Reproduce, exactly and in full, only the lines below from the one containing "JC Toys 81508" through the one containing "A sketch of".

━━ Input material ━━

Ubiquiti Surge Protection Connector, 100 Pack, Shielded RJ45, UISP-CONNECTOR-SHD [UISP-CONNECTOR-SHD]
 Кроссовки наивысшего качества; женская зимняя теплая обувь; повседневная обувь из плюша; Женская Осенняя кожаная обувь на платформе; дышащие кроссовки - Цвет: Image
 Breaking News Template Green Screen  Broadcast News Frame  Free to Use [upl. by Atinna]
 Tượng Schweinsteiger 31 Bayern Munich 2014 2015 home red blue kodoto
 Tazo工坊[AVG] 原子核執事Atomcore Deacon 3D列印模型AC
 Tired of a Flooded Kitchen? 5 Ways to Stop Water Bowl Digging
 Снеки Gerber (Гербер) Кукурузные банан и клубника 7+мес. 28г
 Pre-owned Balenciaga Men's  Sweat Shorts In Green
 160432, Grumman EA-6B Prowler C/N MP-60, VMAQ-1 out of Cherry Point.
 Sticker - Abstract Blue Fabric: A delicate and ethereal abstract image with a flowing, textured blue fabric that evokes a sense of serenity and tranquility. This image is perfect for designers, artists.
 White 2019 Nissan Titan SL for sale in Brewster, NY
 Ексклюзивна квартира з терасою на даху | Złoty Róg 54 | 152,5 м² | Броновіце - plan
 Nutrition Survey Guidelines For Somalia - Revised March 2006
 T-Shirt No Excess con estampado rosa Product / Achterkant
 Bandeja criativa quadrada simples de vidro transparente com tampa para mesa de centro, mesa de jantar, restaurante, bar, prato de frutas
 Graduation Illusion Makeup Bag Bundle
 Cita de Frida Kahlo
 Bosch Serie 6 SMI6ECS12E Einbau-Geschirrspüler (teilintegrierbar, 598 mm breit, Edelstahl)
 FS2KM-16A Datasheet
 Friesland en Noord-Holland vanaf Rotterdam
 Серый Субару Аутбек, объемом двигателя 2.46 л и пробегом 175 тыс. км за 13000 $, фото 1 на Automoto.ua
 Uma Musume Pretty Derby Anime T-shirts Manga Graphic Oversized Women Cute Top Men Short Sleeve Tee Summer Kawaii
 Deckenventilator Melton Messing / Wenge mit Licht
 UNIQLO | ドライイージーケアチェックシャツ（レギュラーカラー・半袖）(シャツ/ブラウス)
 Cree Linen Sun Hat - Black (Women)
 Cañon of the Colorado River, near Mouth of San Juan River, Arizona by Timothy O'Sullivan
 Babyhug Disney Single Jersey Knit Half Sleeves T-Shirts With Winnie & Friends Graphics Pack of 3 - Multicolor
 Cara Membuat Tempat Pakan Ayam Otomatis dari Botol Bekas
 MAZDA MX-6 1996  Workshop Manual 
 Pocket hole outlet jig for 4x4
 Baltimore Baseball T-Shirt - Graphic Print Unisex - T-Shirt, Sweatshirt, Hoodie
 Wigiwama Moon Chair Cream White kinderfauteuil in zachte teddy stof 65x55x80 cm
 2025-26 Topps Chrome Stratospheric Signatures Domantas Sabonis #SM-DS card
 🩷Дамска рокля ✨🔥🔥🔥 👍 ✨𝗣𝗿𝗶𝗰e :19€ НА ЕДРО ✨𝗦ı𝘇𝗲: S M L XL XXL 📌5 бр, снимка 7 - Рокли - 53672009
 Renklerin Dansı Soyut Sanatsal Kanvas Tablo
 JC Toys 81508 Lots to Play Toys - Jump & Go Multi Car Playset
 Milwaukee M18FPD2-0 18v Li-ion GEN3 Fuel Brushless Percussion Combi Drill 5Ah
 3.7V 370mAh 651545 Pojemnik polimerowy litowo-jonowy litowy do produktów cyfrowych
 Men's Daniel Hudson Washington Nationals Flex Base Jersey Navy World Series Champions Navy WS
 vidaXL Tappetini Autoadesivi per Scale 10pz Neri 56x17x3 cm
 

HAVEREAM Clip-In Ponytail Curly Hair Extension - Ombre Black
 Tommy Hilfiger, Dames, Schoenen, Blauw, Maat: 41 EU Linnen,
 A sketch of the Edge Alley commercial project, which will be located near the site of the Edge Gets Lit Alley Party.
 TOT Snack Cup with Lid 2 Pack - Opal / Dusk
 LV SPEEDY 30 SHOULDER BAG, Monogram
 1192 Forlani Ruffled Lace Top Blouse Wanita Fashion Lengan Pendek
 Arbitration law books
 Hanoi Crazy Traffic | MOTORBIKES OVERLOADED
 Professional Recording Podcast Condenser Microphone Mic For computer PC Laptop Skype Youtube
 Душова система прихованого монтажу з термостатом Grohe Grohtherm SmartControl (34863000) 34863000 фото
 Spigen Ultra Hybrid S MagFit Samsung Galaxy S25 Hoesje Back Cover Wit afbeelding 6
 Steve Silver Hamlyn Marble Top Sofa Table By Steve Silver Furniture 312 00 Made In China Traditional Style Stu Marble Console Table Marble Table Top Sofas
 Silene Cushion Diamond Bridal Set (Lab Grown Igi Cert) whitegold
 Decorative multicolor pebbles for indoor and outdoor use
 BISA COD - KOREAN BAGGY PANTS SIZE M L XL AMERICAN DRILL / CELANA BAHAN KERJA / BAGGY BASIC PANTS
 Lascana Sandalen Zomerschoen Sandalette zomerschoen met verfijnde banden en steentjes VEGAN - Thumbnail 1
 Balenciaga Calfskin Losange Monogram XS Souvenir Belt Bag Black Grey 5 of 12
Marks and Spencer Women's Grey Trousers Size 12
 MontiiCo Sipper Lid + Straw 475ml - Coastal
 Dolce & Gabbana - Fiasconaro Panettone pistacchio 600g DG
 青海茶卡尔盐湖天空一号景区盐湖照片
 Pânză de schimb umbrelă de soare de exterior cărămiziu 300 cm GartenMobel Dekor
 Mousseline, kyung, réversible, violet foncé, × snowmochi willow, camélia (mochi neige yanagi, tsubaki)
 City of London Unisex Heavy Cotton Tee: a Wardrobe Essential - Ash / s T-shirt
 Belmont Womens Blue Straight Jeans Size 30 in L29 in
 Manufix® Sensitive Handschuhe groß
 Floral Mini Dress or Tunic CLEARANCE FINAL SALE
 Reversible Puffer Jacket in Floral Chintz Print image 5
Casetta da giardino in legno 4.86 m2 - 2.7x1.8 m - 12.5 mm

━━━

> _Solved problem_
 JC Toys 81508 Lots to Play Toys - Jump & Go Multi Car Playset
 Milwaukee M18FPD2-0 18v Li-ion GEN3 Fuel Brushless Percussion Combi Drill 5Ah
 3.7V 370mAh 651545 Pojemnik polimerowy litowo-jonowy litowy do produktów cyfrowych
 Men's Daniel Hudson Washington Nationals Flex Base Jersey Navy World Series Champions Navy WS
 vidaXL Tappetini Autoadesivi per Scale 10pz Neri 56x17x3 cm
 

HAVEREAM Clip-In Ponytail Curly Hair Extension - Ombre Black
 Tommy Hilfiger, Dames, Schoenen, Blauw, Maat: 41 EU Linnen,
 A sketch of the Edge Alley commercial project, which will be located near the site of the Edge Gets Lit Alley Party.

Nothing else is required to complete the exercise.